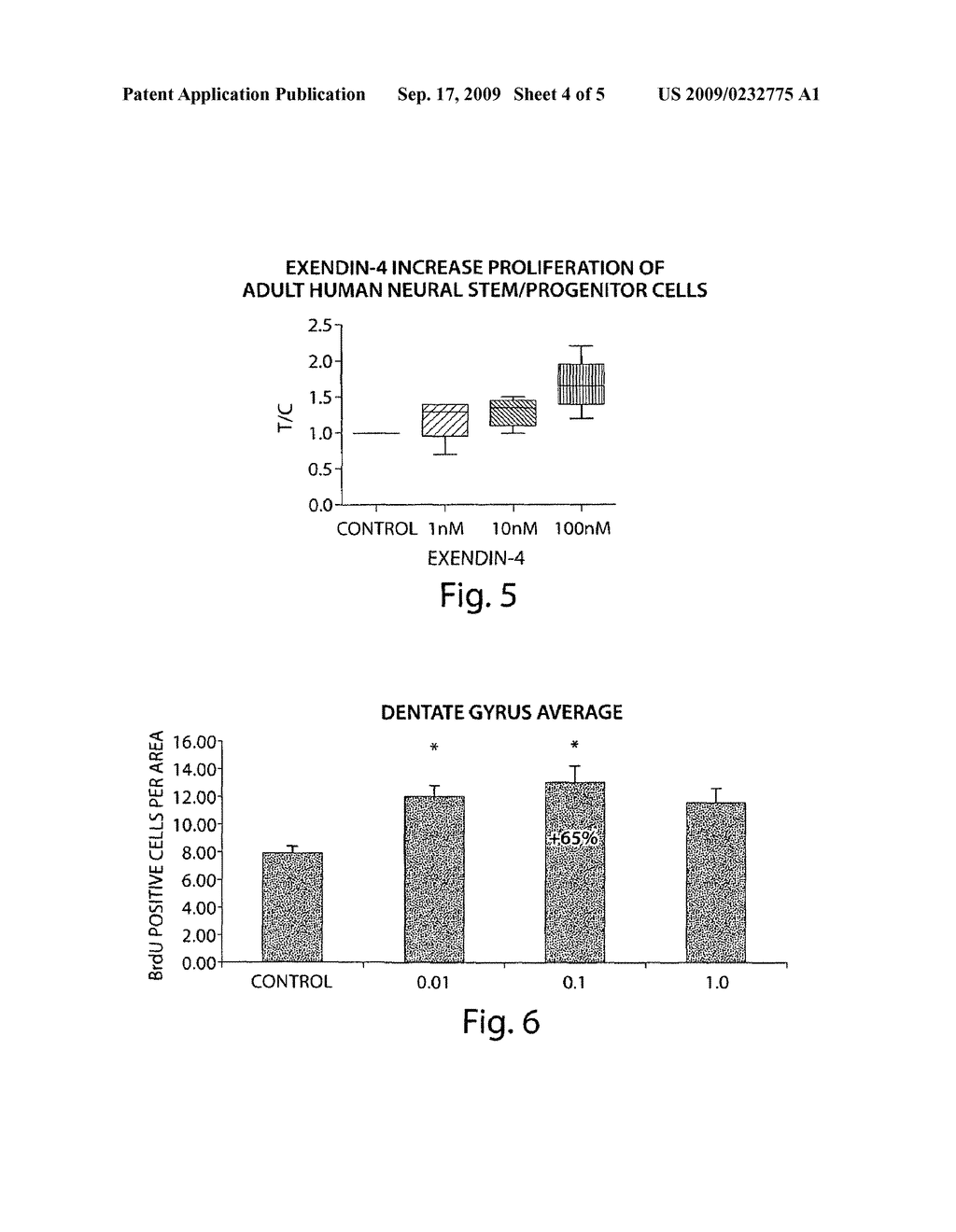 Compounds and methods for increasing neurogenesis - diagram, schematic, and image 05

---

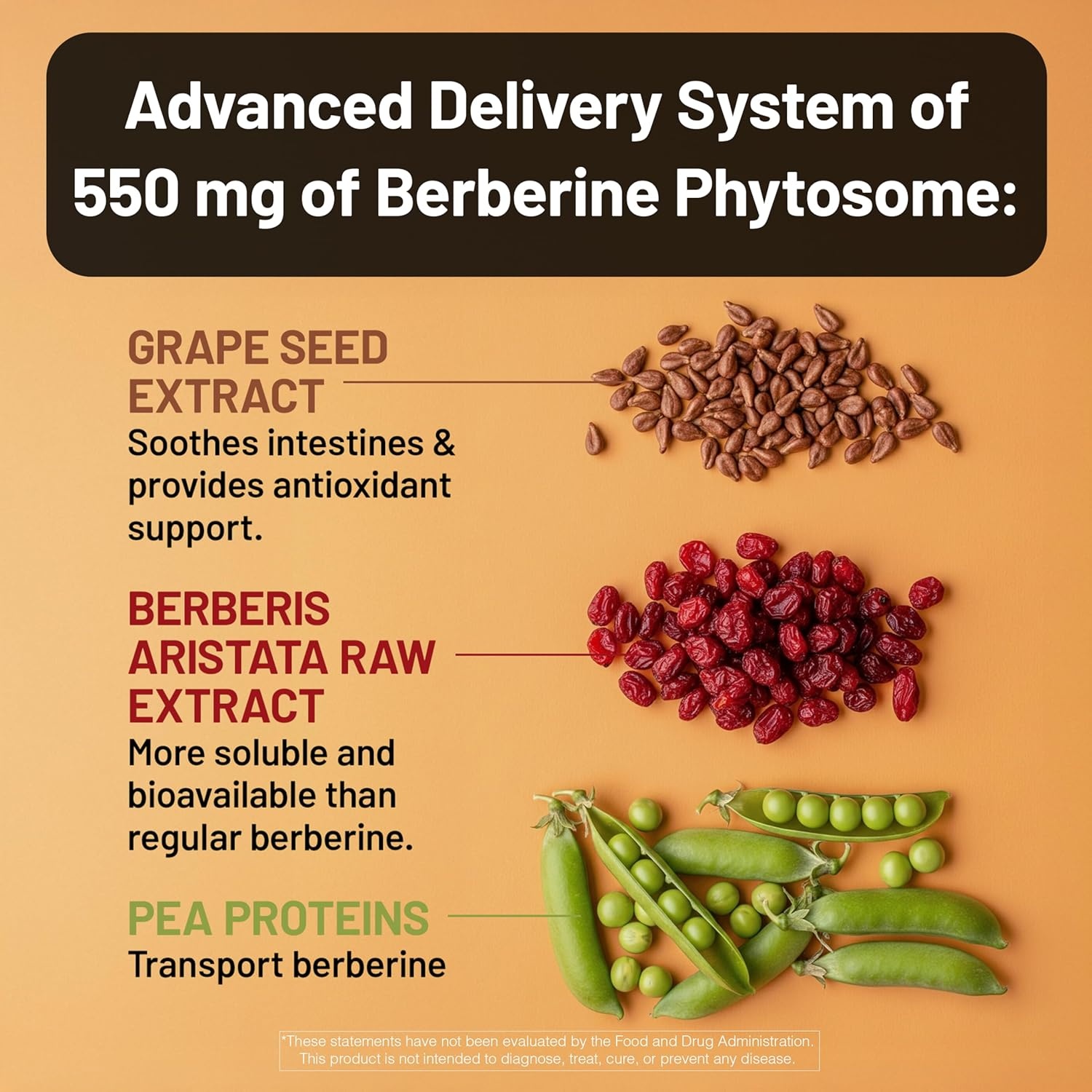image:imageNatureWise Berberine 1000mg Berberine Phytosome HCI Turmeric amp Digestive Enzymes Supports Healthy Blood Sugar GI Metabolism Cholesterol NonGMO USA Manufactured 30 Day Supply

==

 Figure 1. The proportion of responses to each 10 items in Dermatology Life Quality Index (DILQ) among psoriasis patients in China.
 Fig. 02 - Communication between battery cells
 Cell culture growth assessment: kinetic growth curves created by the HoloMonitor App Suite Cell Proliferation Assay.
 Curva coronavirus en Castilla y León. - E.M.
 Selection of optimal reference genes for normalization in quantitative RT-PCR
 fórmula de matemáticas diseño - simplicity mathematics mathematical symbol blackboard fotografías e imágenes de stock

▸ WHAT NEEDS TO BE DONE
In the material above, find the line containing "Cell culture growth" and the line containing "fórmula de matemáticas", then write out exactly those two lines and every line between them, and nothing more.

▸ EXERCISE SOLUTION
 Cell culture growth assessment: kinetic growth curves created by the HoloMonitor App Suite Cell Proliferation Assay.
 Curva coronavirus en Castilla y León. - E.M.
 Selection of optimal reference genes for normalization in quantitative RT-PCR
 fórmula de matemáticas diseño - simplicity mathematics mathematical symbol blackboard fotografías e imágenes de stock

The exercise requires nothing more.